In order to obtain a preliminary injunction, a party must establish irreparable harm and either (a) a likelihood of success on the merits or (b) a sufficiently serious question going to the merits, with a balance of hardships tipping in favor of the party requesting the preliminary injunction. See Otokoyama Co. v. Wine of Japan Import, Inc., 175 F.3d 266, 270 (2d Cir. 1999). In this case, however, plaintiff seeks a mandatory injunction, that is, he asks to "stay governmental action taken in the public interest pursuant to a statutory or regulatory scheme." Bery v. City of New York, 97 F.3d 689, 694 (2d Cir. 1996) (quoting Plaza Health Lab., Inc. v. Perales, 878 F.2d 577, 580 (2d Cir. 1989)) (internal quotation marks omitted), cert. denied, 520 U.S. 1251 (1997). He therefore must satisfy "the more rigorous likelihood-of-success standard." Id. In other words, Tunick must establish a clear or substantial likelihood of success on the merits. See Tom Doherty Assocs., Inc. v. Saban Entertainment, Inc., 60 F.3d 27, 34 (2d Cir. 1995).
Because violations of First Amendment rights are presumed irreparable, see Elrod v. Burns, 427 U.S. 347, 373 (1976), "the very nature of [plaintiff's] allegations" satisfies the requirement that he show irreparable injury. Bery, 97 F.3d at 694. The only issue in this case, therefore, is whether Tunick has established a clear or substantial likelihood of success on the merits.

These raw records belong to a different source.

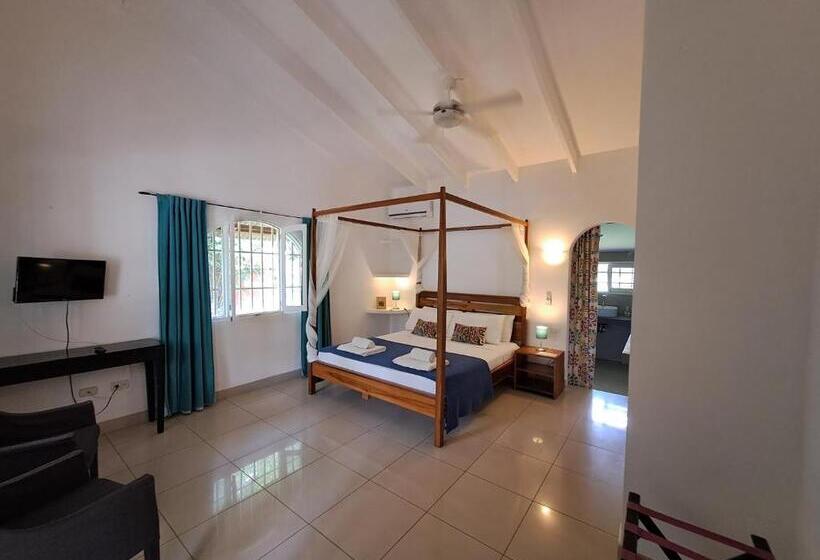 مبيت وإفطار Casa Mapache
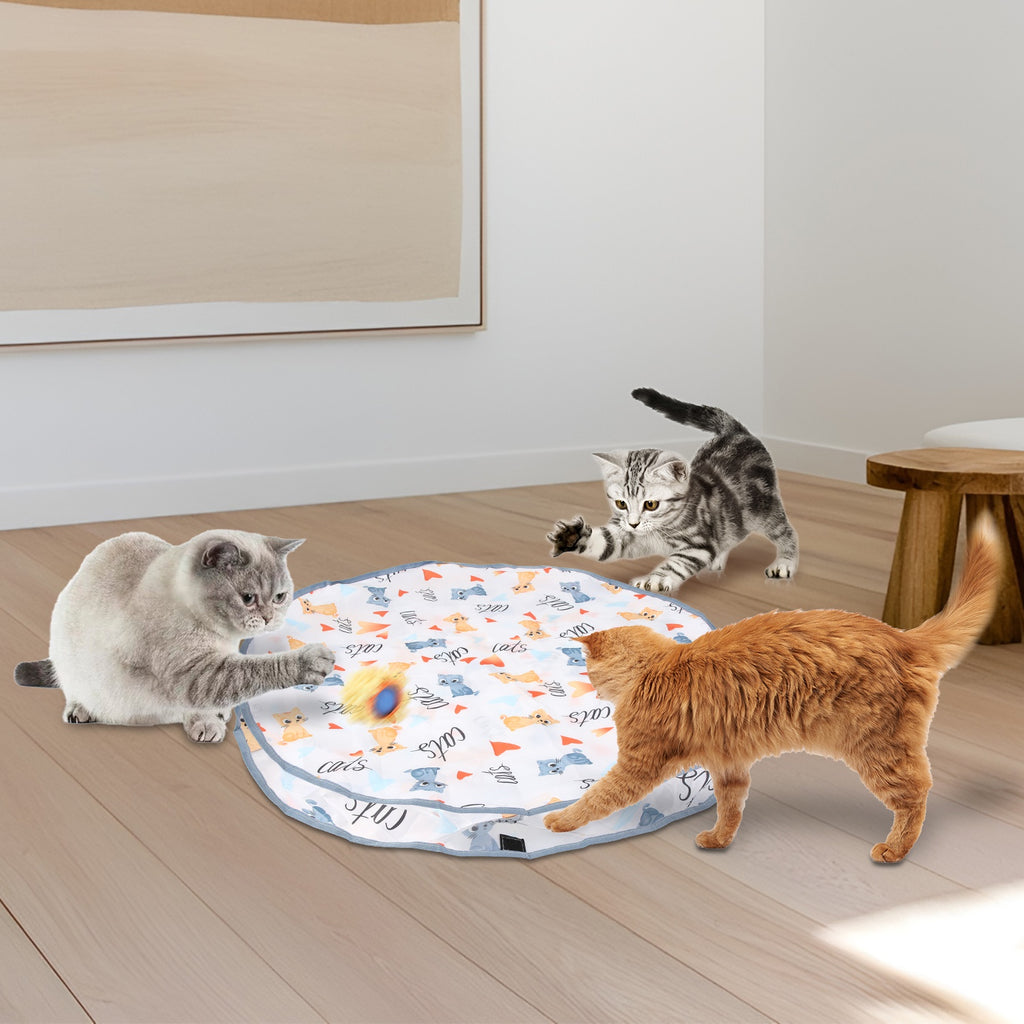 Jouets de chat 1Pc Ball rapide Rolling dans la poche Rechargeable Motion activé Jouets de chat interactifs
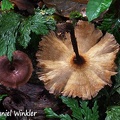Lentinus big brown # 100 disp 
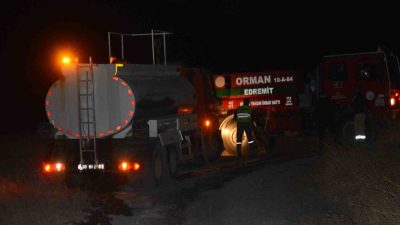 Balıkesir’in Ayvalık ilçesi Cunda Adası’nda makilik alanda çıkan yangın korkuttu.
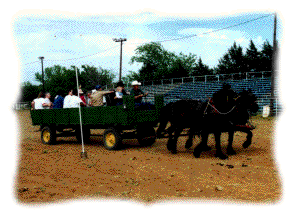 Wagon Team races, volunteer driver and his wagon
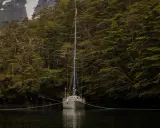 Voilier ancré dans un fjord, entouré d'une forêt dense. La chaîne du cablot, avec son épissure à 3 torons, assure la stabilité.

Although this case initially arose out of plaintiff's application for a photography permit from the City, it now turns entirely on the prohibition against public nudity contained in New York state law, and not on the City's licensing regime.4 The injunction issued by the district court prohibited the City from interfering with the proposed photo shoot; it did not require the City to issue Tunick a permit. Perhaps because of this, the City makes no defense of its permitting scheme. More importantly, the City has repeatedly and expressly abandoned any argument based on its possible right to impose time, place, or manner restrictions on the shoot.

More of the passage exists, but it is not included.